WHAT IS REQUIRED:
Pictures aside, repeat the whole listing word for word.

INFORMATION SUPPLIED:
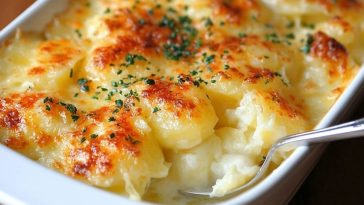 Creamy Delmonico Potatoes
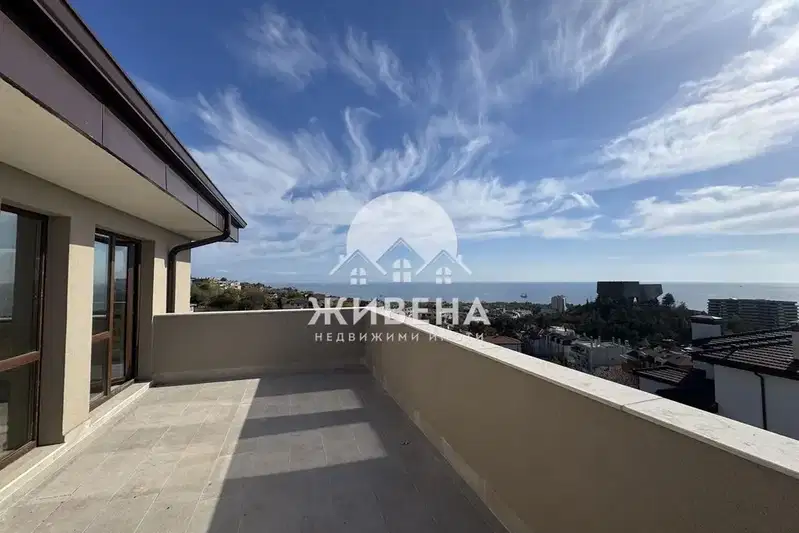3-bedroom apartment in Varna, Briz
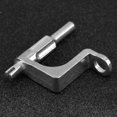 thumbnail image 4 of Manija de puerta interior de coche, varilla de soporte de conexión de acero inoxidable 13297179 para Opel/vauxhall Corsa D 2006-2015 Precision1pcssilver, 4 of 5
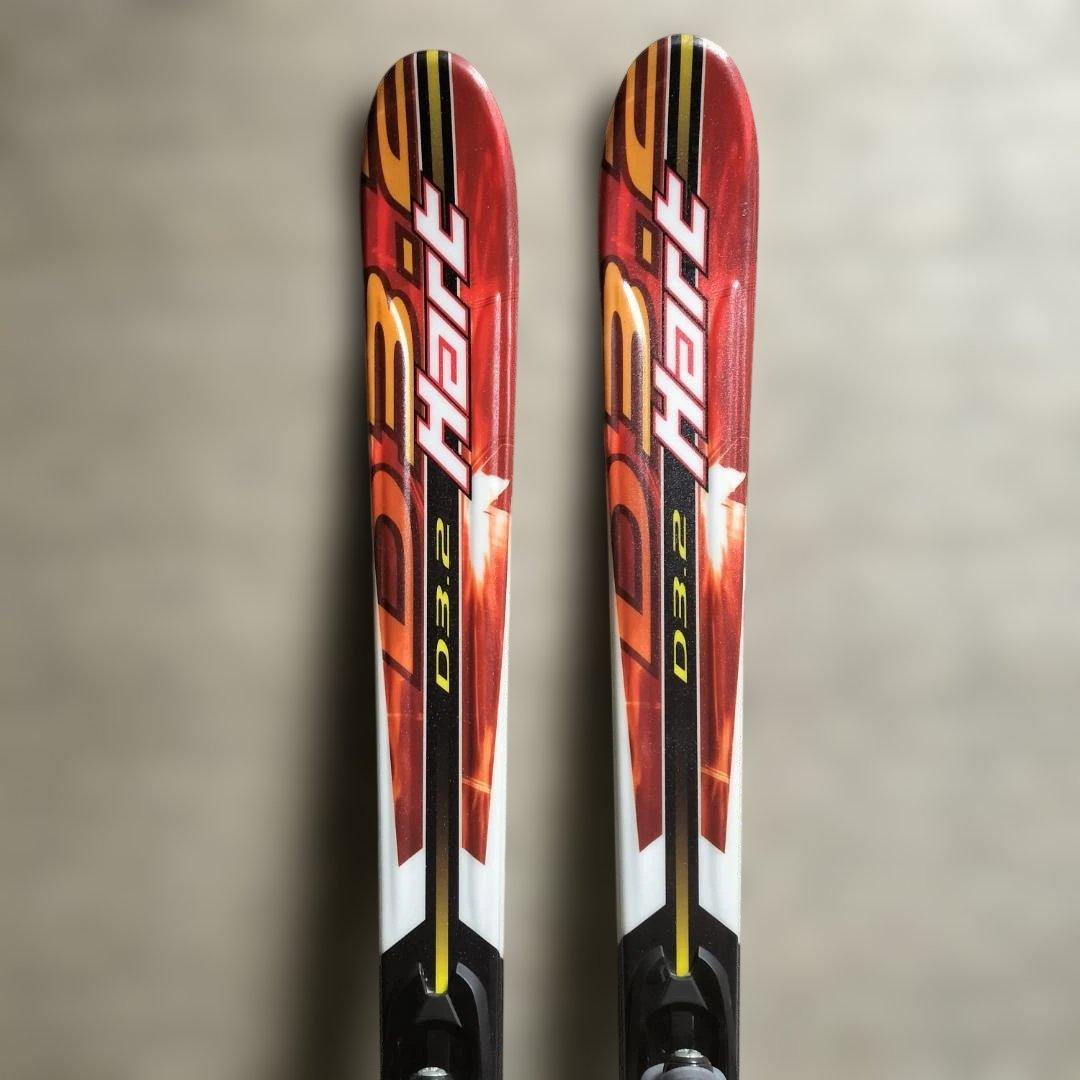 Hart（ハート）DIVA D3.2 スキー板 160cm - メルカリ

YOUR SOLUTION:
 Creamy Delmonico Potatoes
3-bedroom apartment in Varna, Briz
 thumbnail image 4 of Manija de puerta interior de coche, varilla de soporte de conexión de acero inoxidable 13297179 para Opel/vauxhall Corsa D 2006-2015 Precision1pcssilver, 4 of 5
 Hart（ハート）DIVA D3.2 スキー板 160cm - メルカリ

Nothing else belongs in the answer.